Smithsonian
  Astrophysical
    Observatory
Stelircam Pipeline SAO Telescope Data Center

Stelircam Pipeline - details

Last update: 2007-22-03 by Bill Wyatt

Note that before reading this document, you probably should be familiar with the overview, found at http://www.cfa.harvard.edu/ircam/pipedoc.shtml.


Contents

runpipe - Top routine for initialization
pipe.sh - Master processing routine
- Locating Date-relative parameters
lincor - Image Linearization
update_headers - Add BPM key to headers
trimfiles - Image edge removal
mkfiledb - Create database of image headers
Also, how to modify for other instruments
darkcreate - Create dark correction files
amdarkcheck - Compare afternoon and morning dark exposures
darksub - Subtract dark correction
flatcreate - Create flatfield files
flatdiv - Divide files by flatfield
skysubtract - Create sky-subtracted files

Table of contents

runpipe - Top routine for initialization

The runpipe script serves to initialize the environment for running the rest of the scripts in the stelircam pipeline. The initialization consists of:

The argument list is then passed to pipe.sh using an eval command, so any arguments with whitespace or shell metacharacters must be quoted or escaped. See the pipe.sh details, below. One useful feature I have adopted is to make the -x option print a usage message with the current values, default and from the command line, then immediately exit.

Examples:


Table of Contents

pipe.sh - Master processing routine

The pipe.sh script performs appropriate setup on the data in the specified directory (usually the current directory) and controls the scripts that do the actual processing, passing appropriate arguments to them.

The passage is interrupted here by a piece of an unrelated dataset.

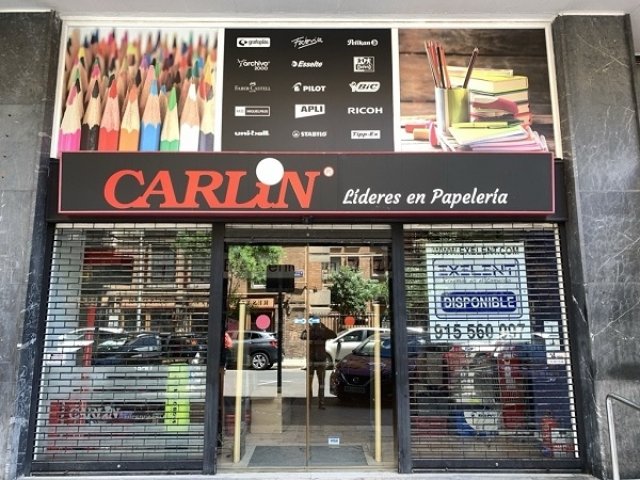 Local en venta en Maestro Ángel Llorca 2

The setup consists of moving any raw files into the raw subdirectory, including ones that are compressed. Any files with the suffixes .r .b .r.gz .b.gz .r.fits .r.fits.gz .b.fits .r.fits.gz and also simply .gz are recognized. The files are uncompressed if need be.

Locating date-relative parameters

The stelircam pipeline is designed to operate on data taken at any epoch. Because of equipment changes, especially the blue channel array replacement in the summer of 2001, some parameters and calibration files for earlier data are not appropriate for the later data. Also, of course, the parameters and calibrations for one channel are unlikely to be correct for the other channel.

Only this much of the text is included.